The following code evaluates the model's performance by computing and visualizing the confusion matrix as a heatmap.

In [None]:
from sklearn.metrics import roc_auc_score, confusion_matrix, roc_curve, auc
import matplotlib.pyplot as plt
import seaborn as sns
from IPython.display import Image

# Calculate confusion matrix
confusion_matrix_net = confusion_matrix(y_true = test_labels,
                    y_pred = test_predictions)

# Turn matrix to percentages
confusion_matrix_net = confusion_matrix_net.astype('float') / confusion_matrix_net.sum(axis=1)[:, np.newaxis]

# Turn to dataframe
df_cm = pd.DataFrame(
        confusion_matrix_net,
        index=np.unique(test_labels),
        columns=np.unique(test_labels),
)

# Parameters of the image
figsize = (10,7)
fontsize=14

# Create image
fig = plt.figure(figsize=figsize)
heatmap = sns.heatmap(df_cm, annot=True, fmt='.2f')

# Make it nicer
heatmap.yaxis.set_ticklabels(heatmap.yaxis.get_ticklabels(), rotation=0,
                             ha='right', fontsize=fontsize)
heatmap.xaxis.set_ticklabels(heatmap.xaxis.get_ticklabels(), rotation=45,
                             ha='right', fontsize=fontsize)

# Add labels
plt.ylabel('True label')
plt.xlabel('Predicted label')

# Plot!
plt.savefig('AUC_LSTM.pdf')
plt.show()

In [None]:
# Calculate the ROC curve points
fpr, tpr, thresholds = roc_curve(test_labels, test_probs)

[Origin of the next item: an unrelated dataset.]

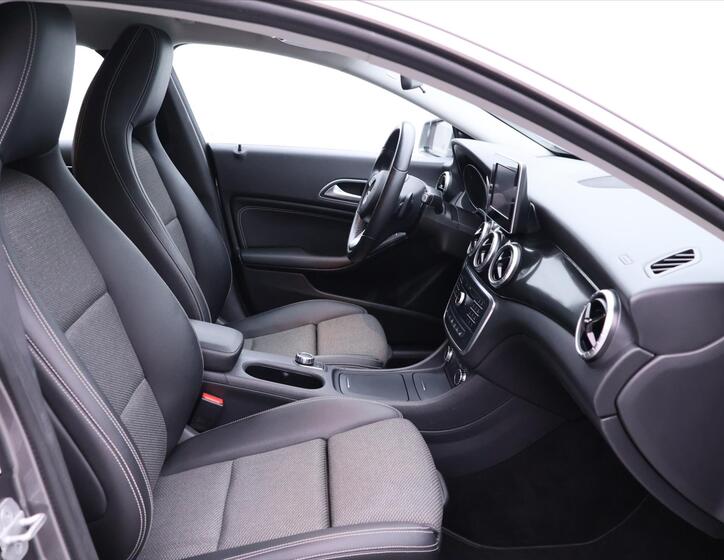 Mercedes-Benz CLA 13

# Save the AUC in a variable to display it. Round it first
auc = np.round(roc_auc_score(y_true = test_labels,
                             y_score = test_probs),
              decimals = 3)

# Create and show the plot
plt.plot(fpr,tpr,label="Delinquency Status, auc="+str(auc))
plt.legend(loc=4)
plt.savefig('ROC_LSTM.pdf')
plt.show()

Finally, we calculate and visualize the ROC (Receiver Operating Characteristic) curve to evaluate the performance of the model.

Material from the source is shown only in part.